Describe the bug

When running redis-benchmark, I found that the mset benchmark on latest unstable version(#cf83803) is obviously slower than v7.4.1, and there is about 5~10% performance degradation.

To reproduce Enter the installation directory of Redis, run the following script to benchmarking mset 100 rounds:

#!/bin/bash
TEST_ROUNDS=100
for i in $(seq 1 $TEST_ROUNDS)
do
    rm -f dump.rdb
    taskset -c 7 ./redis-server --save "" --daemonize yes
    sleep 0.5
    taskset -c 11 ./redis-benchmark -t mset --csv > ${i}.csv
    taskset -c 11 ./redis-cli shutdown
    sleep 0.5
done

Then run the python script to integrate 100 test results into one table:

import pandas as pd

round_number = 100
output_file = 'output.csv'
data = {}

# Read file data
for i in range(1, round_number + 1):
    file_name = f'{i}.csv'
    df = pd.read_csv(file_name, index_col=0)

    for test_name in df.index:
        for metric_name in df.columns:
            if metric_name == 'avg_latency_ms' or metric_name == 'p99_latency_ms':
                key = f'{test_name}@{metric_name}'
                if key not in data:
                    data[key] = [''] * round_number
                data[key][i-1] = df.at[test_name, metric_name]
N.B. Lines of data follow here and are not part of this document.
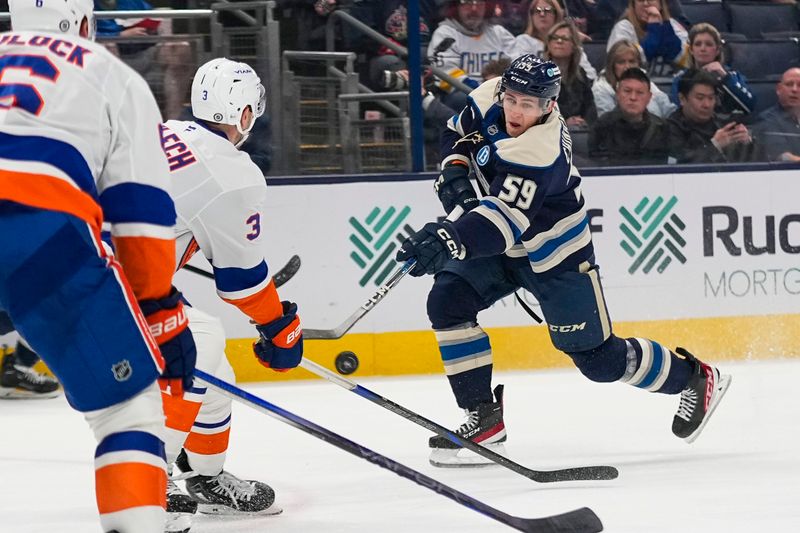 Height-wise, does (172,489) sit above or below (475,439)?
above

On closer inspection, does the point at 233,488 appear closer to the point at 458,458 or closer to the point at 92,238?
the point at 458,458

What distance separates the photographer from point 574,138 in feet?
17.9

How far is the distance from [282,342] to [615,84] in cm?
313

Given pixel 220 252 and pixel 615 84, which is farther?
pixel 615 84

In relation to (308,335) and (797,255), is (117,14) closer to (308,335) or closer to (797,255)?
(308,335)

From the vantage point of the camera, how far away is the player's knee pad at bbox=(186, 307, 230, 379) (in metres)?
2.84

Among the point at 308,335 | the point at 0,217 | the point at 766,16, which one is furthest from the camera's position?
the point at 766,16

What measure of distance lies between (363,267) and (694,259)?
142 cm

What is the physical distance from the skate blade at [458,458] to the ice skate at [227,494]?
68 cm

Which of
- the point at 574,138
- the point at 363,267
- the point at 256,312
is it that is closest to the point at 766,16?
the point at 574,138

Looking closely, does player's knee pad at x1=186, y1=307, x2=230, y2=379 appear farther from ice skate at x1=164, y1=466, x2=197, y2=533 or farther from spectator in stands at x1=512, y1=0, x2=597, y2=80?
spectator in stands at x1=512, y1=0, x2=597, y2=80

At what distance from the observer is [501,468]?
3584mm

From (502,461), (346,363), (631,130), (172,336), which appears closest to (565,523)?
(502,461)

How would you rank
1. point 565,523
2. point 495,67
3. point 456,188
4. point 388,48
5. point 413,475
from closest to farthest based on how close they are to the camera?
1. point 413,475
2. point 565,523
3. point 456,188
4. point 388,48
5. point 495,67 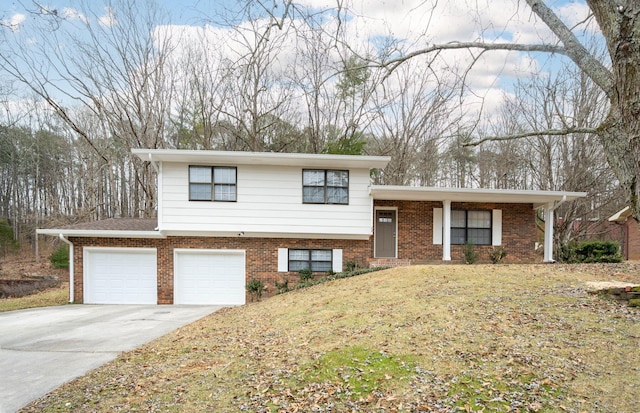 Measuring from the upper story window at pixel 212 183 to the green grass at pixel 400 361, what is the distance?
566 centimetres

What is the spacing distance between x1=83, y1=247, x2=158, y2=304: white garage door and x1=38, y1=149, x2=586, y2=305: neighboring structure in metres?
0.03

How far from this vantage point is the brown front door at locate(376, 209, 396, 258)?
14.5 m

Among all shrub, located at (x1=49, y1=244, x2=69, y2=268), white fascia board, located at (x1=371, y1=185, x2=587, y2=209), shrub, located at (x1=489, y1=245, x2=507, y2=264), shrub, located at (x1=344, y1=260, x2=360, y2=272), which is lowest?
shrub, located at (x1=49, y1=244, x2=69, y2=268)

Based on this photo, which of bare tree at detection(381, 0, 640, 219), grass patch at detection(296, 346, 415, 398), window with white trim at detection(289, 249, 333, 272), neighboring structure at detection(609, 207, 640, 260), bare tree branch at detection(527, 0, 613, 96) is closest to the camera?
bare tree at detection(381, 0, 640, 219)

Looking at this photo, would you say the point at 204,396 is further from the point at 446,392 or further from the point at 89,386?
the point at 446,392

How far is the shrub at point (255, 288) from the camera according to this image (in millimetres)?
12859

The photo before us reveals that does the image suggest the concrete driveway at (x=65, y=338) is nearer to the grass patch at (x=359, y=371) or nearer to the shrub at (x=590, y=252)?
the grass patch at (x=359, y=371)

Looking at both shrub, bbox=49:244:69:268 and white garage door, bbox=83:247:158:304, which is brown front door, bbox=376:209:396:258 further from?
shrub, bbox=49:244:69:268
# Generate a new DataFrame
keys = sorted(data.keys())
output_data = {str(i): [data[key][i-1] for key in keys] for i in range(1, round_number + 1)}
output_df = pd.DataFrame(output_data, index=keys)

# Save as a CSV file
output_df.to_csv(output_file)

I ran the command on v7.4.1 and latest unstable version, obtained their respective 100 rounds of test data, and calculated the average of MSET (10 keys)@avg_latency_ms and MSET (10 keys)@p99_latency_ms: | | MSET (10 keys)@avg_latency_ms | MSET (10 keys)@p99_latency_ms | | -------- | ------------------------------------ | ------------------------------------ | | 7.4.1 | 0.21391 | 0.41932 | | latest | 0.24663 | 0.49308 |

Draw the line chart to show differences more clearly: https://github.com/user-attachments/assets/bef1be1c-d3da-4d7e-b78d-8908fa83c649 https://github.com/user-attachments/assets/193c68e1-581d-49aa-9ae2-e4fba6e1e739

I also modified the processCommandAndResetClient to measure and print the latency of processCommand if mset command is processed:

    clock_gettime(CLOCK_MONOTONIC, &start);
    int res = processCommand(c);
    clock_gettime(CLOCK_MONOTONIC, &stop);
    long nanos = (stop.tv_sec - start.tv_sec) * 1000000000 + (stop.tv_nsec - start.tv_nsec);
    if (!strcmp((char*)c->argv[0]->ptr, "MSET")) {
        printf("%f us", nanos / 1000.0);
    }

Using redis-benchmark -t mset to trigger the instrumentation, the processCommand averagely costs 1.89 us in 7.4.1 while 2.17us in latest unstable version.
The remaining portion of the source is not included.